Supplied records:
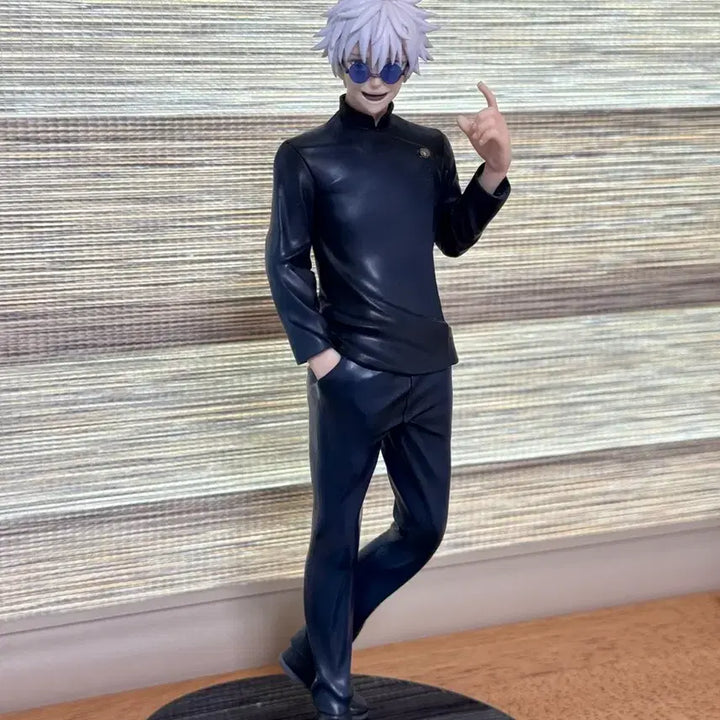 [BUNJANG] Jujutsu Kaisen Ichiban Kuji Gojo Figure (Last One Prize, Box Included) / 주술회전 이치방쿠지 회옥옥절 라스트원상 고죠 피규어(박스O)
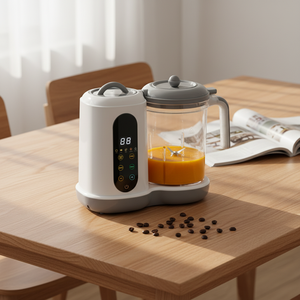 XQS Smart <strong>Baby</strong> <strong>Robot</strong> <strong>Food</strong> Processor PP Material 450W Electric 220-240V Multi-Function Supplement <strong>Maker</strong> Blender Grinder Steamer - Product Image 1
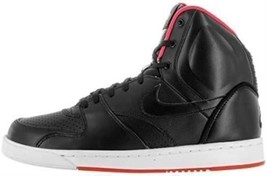 Nike RT1 High Top Black/University RED Basketball Shoes 354034 006 Men 13 - $111.27
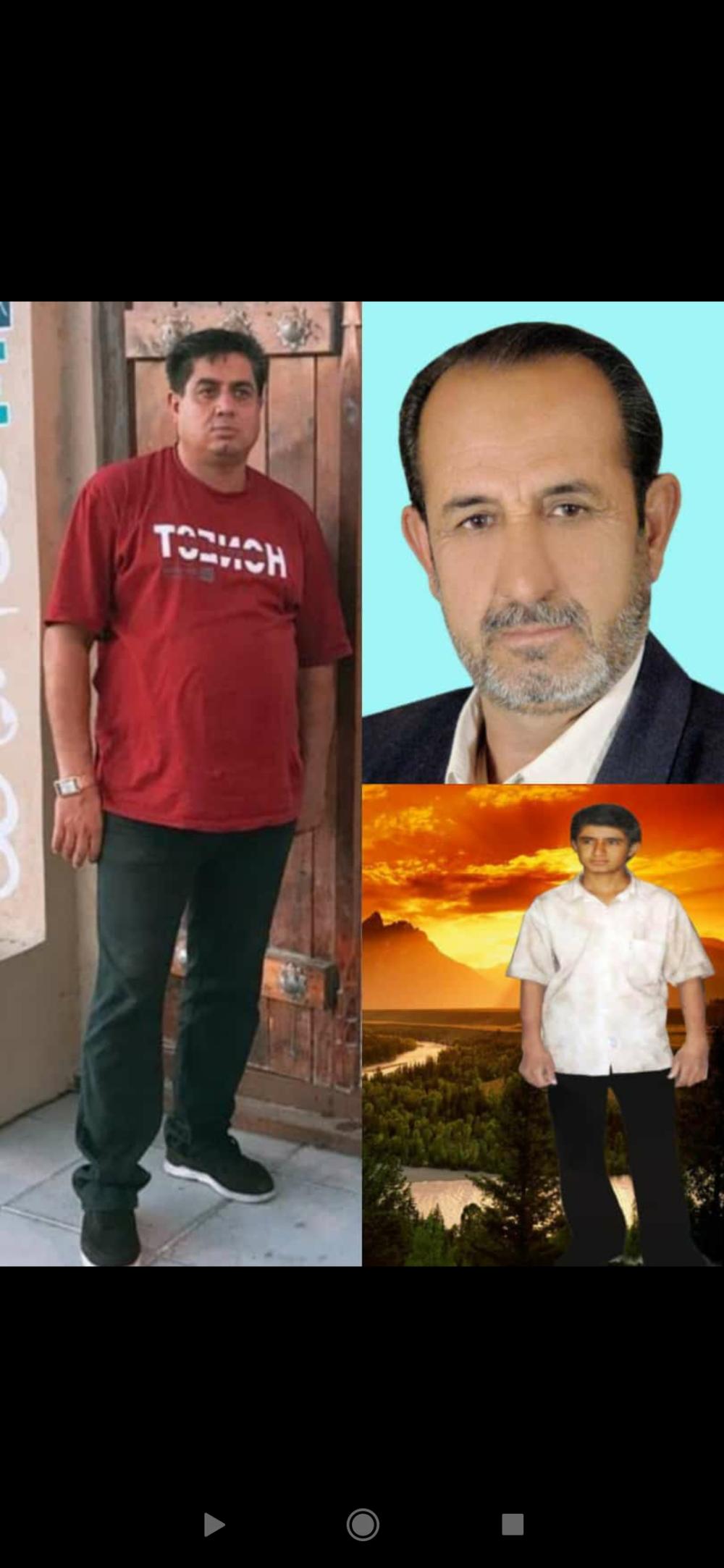 کرامت و حسین وامین لرستانی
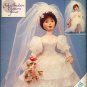 Sof-Porcelain Creations Janet Bride Doll Pattern B 4003 - FREE SHIPPING
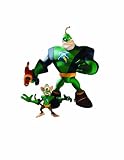 : Ratchet & Clank Series 1: Captain Qwark with Scrunch Action Figure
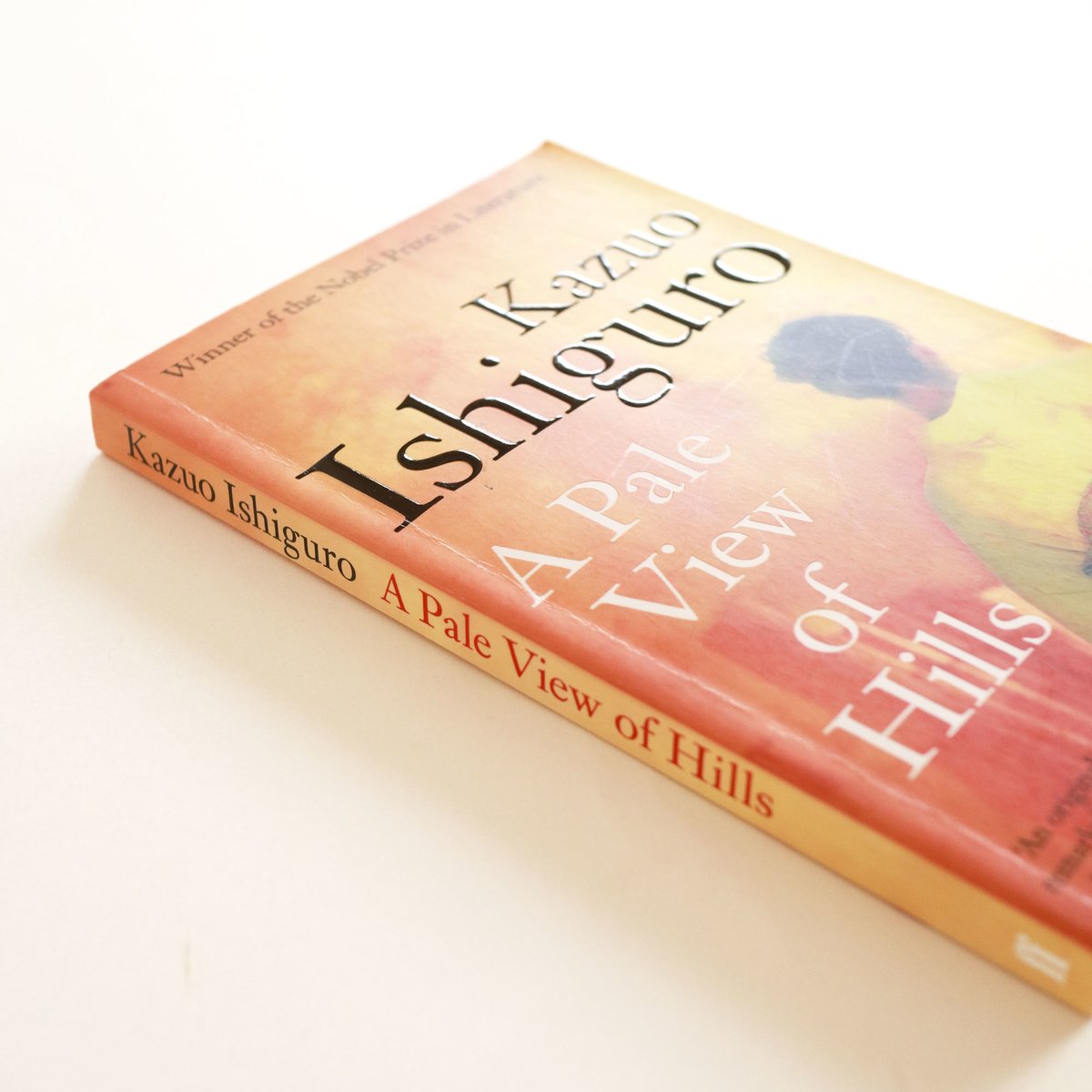 カズオイシグロ「A Pale View of Hills」アメリカ版  初版 カズオイシグロ「A Pale View of Hills」アメリカ版 初版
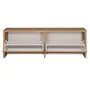 SAPATEIRA/BANCO 2 PORTAS BASCULANTES HIDE - OAK TAMMI - Foto 5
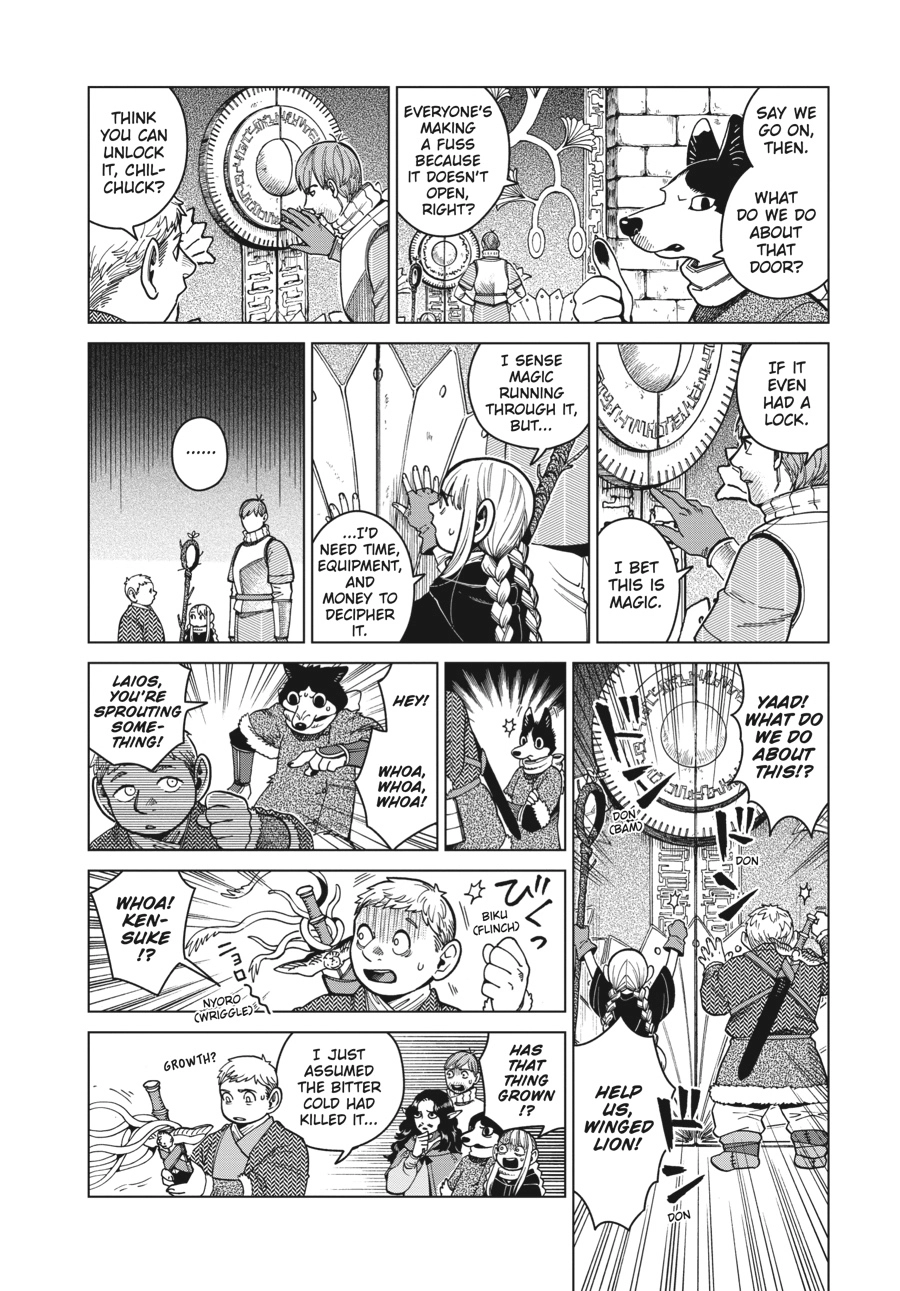 Delicious in Dungeon, chapter 50, page 18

Aim of the task:
Print the records above word for word, omitting any picture they contain.

Solution for this exercise:
 [BUNJANG] Jujutsu Kaisen Ichiban Kuji Gojo Figure (Last One Prize, Box Included) / 주술회전 이치방쿠지 회옥옥절 라스트원상 고죠 피규어(박스O)
 XQS Smart <strong>Baby</strong> <strong>Robot</strong> <strong>Food</strong> Processor PP Material 450W Electric 220-240V Multi-Function Supplement <strong>Maker</strong> Blender Grinder Steamer - Product Image 1
 Nike RT1 High Top Black/University RED Basketball Shoes 354034 006 Men 13 - $111.27
 کرامت و حسین وامین لرستانی
 Sof-Porcelain Creations Janet Bride Doll Pattern B 4003 - FREE SHIPPING
 : Ratchet & Clank Series 1: Captain Qwark with Scrunch Action Figure
 カズオイシグロ「A Pale View of Hills」アメリカ版  初版 カズオイシグロ「A Pale View of Hills」アメリカ版 初版
 SAPATEIRA/BANCO 2 PORTAS BASCULANTES HIDE - OAK TAMMI - Foto 5
 Delicious in Dungeon, chapter 50, page 18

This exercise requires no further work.